RyanDev wrote:
What did you do to try and change things?
You're missing the point. These people are thick as a brick. There was one instance where the manager espoused this weird idea of how she wanted source code control to be used. Myself and the eleven others on the team tried to explain to her that was not how source code worked. Her reply, "That's how it will work here!" So the weight of opinion/knowledge was totally ignored. Another time I had written a universal sortation package in FORTH (the company standard), it handled infinite diverter types with infinite geometries, and a new manager came in and decreed all programs were to be written in 'C', to be more "commercial." I tried to explain the program could not be converted. FORTH allows you to modify the compiler as the program compiles. I wasn't playing games, but creating a dynamic preprocessor that generated data structures and populated them with values, depending on the code. No matter, the decision was made, logic had no bearing on it, even after I tried to walk him through the code to show how it worked. He admitted he didn't understand half of what I said (I'll estimates less than a third), but his mind was made up.

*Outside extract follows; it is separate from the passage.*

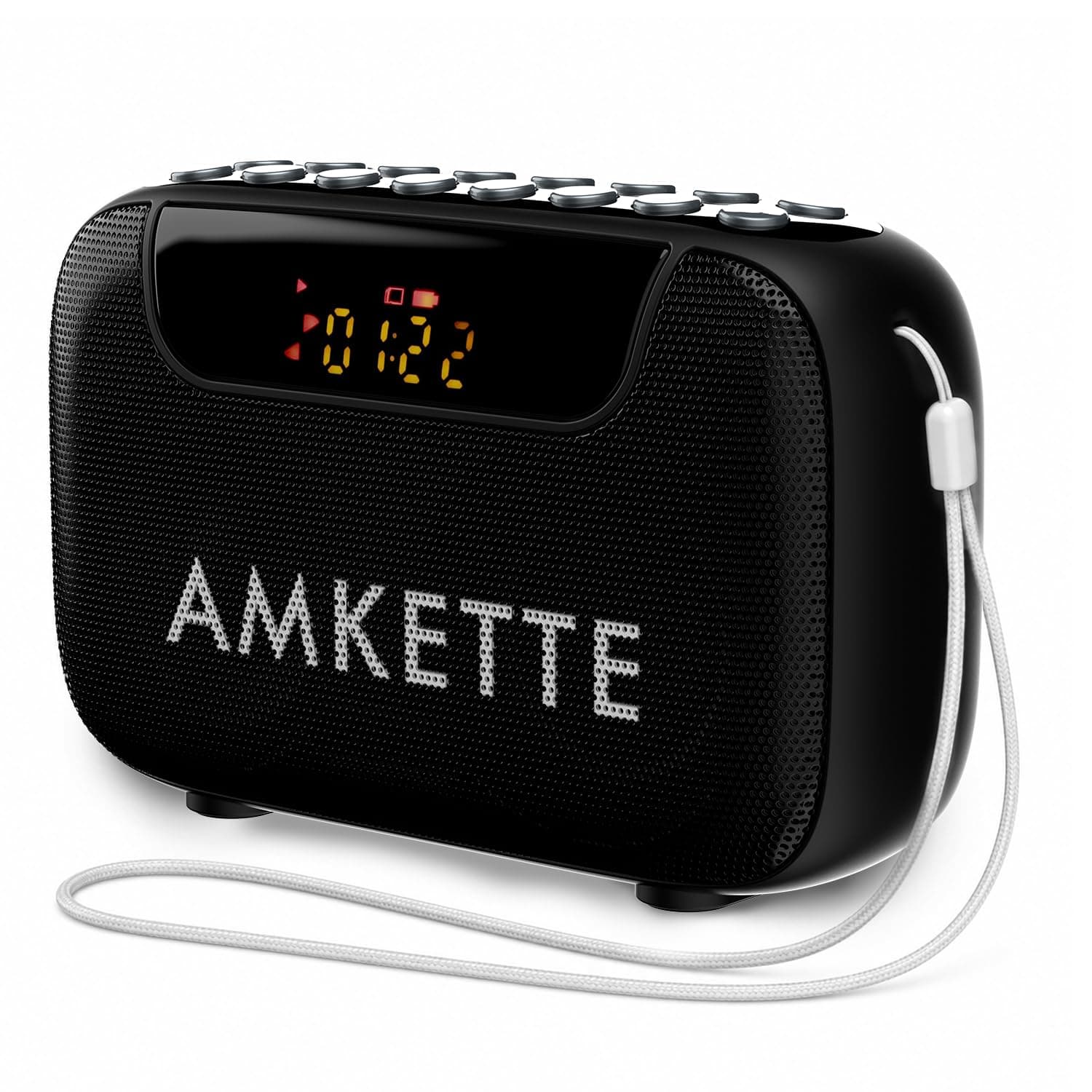 Amkette Pocket Blast FM Radio Bluetooth Speaker with Type C Charging, Hidden Antenna, 6W Output, Voice/FM Recording, 7+ Hours Playback, and Number Pad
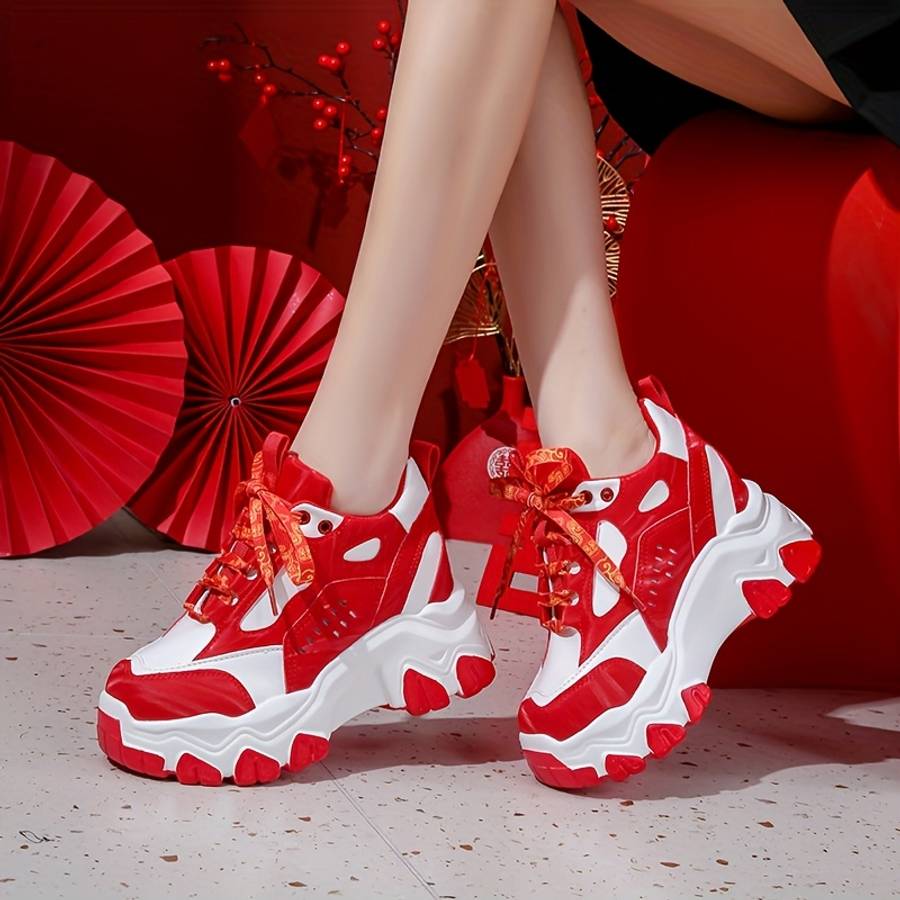 Women S Sneakers Color Red Wedding Shoes Sizeuk 4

Before you say I failed because I befuddled him, he didn't understand the concepts of how our systems worked, he was using what I call "Management By Magazine Article Logic" in that he had heard 'C' was a more popular language and that is what he was basing his decision on. So he threw away a program that solved all their problems, past, present, and future. I could write a book giving you more examples.
Psychosis at 10 Film at 11 Those who do not remember the past, are doomed to repeat it. Those who do not remember the past, cannot build upon it.